Di dalam kitab alfiyah ibnu malik, terdapat nadhoman yang menjelaskan tentang Allaati dan dzawaatu untuk isim maushul ma dan man istifham. sebagaimana nadhoman berikut Wa kallati aidhon ladaihim dzaatu wa maudhi’al latii ata dzawaatu wa mislu maadzaa ba’da mastifhaamin au man idza lam tulgho fil kalaami
وَكَالَّتِى اَيْضًالَدَيْهمْ ذَاتُ وَمَوْضِعَ اللَّاتِى اَتَى ذَوَاتُ
Artinya ; Dan sama dengan لَّتِى (untuk mufrod mu’annats) lafadz ذَاتُ menurut lughohnya bani thoyyi’, lafadz ذَوَاتُ itu menempati tempatnya لَّاتِى.
وَمِثْلُ مَاذَا بَعْدَمَااسْتِفهَامِ اَوْمَنْ اِذَالَمْ تُلْغَ فِى الْكَلَامِ
Artinya : Lafadz dza itu menyamai isim maushul ma dan man istifham, ketika tidak diilgho’kan di dalam kalam.
Penjelasan menurut Ustadz Hamdani As Sidani sebagai berikut : Isim Maushul dzaatu menurut sebagian ulama’ thii’in berlaku seperti isim maushul allaati, di lalui mufrod mu’annats. Contoh جَاءَتْ ذَاتُ قَامَتْ, dan isim maushul dzawaatu berlaku seperti isim maushul allaati (Jamak Mu’annats) Contoh جَاءَتْ ذَوَاتُ قُمْنَ. Adalagi isim maushul musytarik berupa lafadz dza, yang berada setelah lafadz ma istifhamiyah atau lafadz man istifhamiyah. Dengan syarat lafadz dza tersebut tidak di mul’ahkan di dalam kalam (ma dan dza itu man dan dza tidak dibuat satu kalimat yang dilalui istifham), contoh ma dza roaituhu, man dza dhorobtahu, apabila dza di mul’ahkan di tengah-tengah kalam maka dza tidak menjadi isim maushul, contoh مَنْ ذَا الَّذِى يُقْرِضُ اللّهَ , artinya : “Siapakah yang mau memberikan pinjaman kepada Allah,”
Perbedaan antara dza yang mul’ah dan dza yang tidak mul;ah dapat diketahui dengan lafadz yang menjadi badal, dari ma istifham atau man istifham.
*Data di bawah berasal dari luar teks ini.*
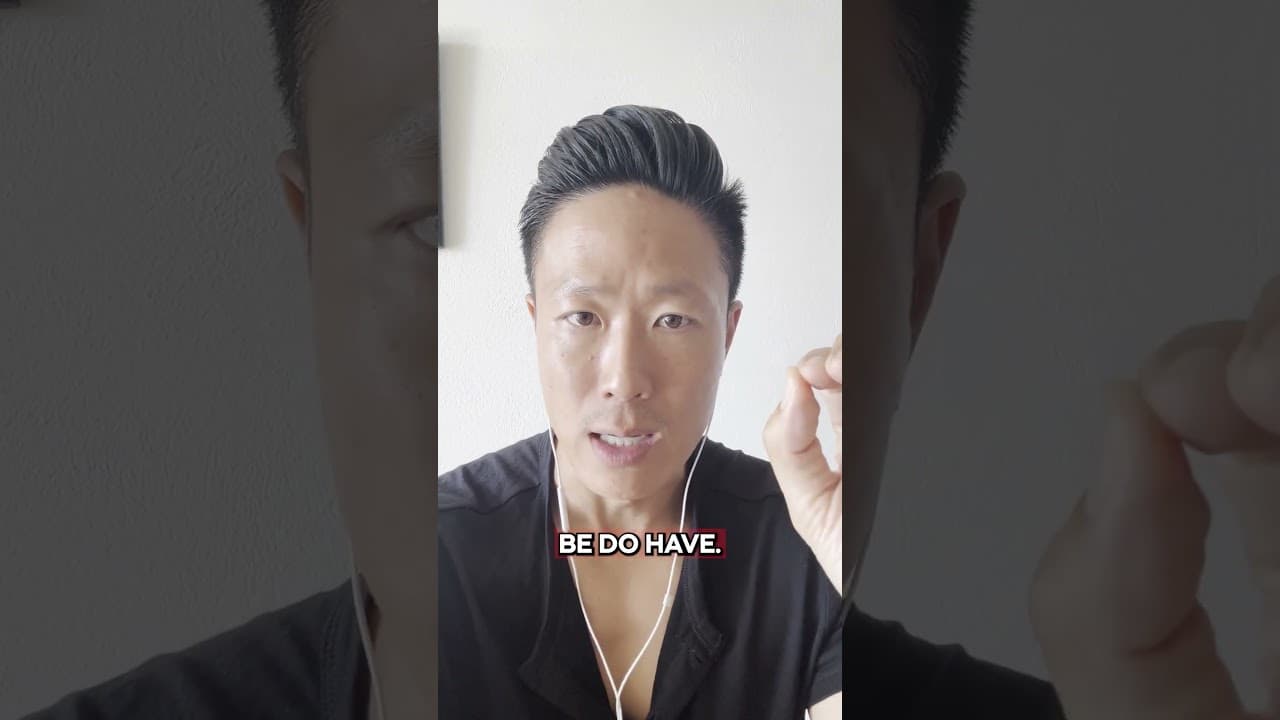 The biggest shift I made at 46 had nothing to do with diet or workouts.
Contoh : مَنْ ذَا ضَرَبْتَ اَزَيْدٌ اَمْ عَمْرٌو , Artinya “ Siapakah yang memukul kamu? Zaid atau Umar?.” lafadz zaidun menjadi badal dari lafadz man istifhamiyah, apabila lafadz zaidun dibaca rofa’. Maka lafadz dza tidak mul’ah, sebab lafadz man menjadi mubtada’, lafadz dza menjadi khobar, lafadz dhorobta menjadi shilahnya lafadz dza, apabila lafadz zaidun dibaca nashob (زَيْدً) maka dza itu mulghoh, sebab lafdz man menjadi maf’ul yang didahulukan dari lafadz dhorobta, apabila tidak ada lafdz yang menjadi badal dari lafadz man, مَااِسْتِفْهَامْ , maka lafadz dza tetap boleh mulghoh, dan boleh tidak mulghoh.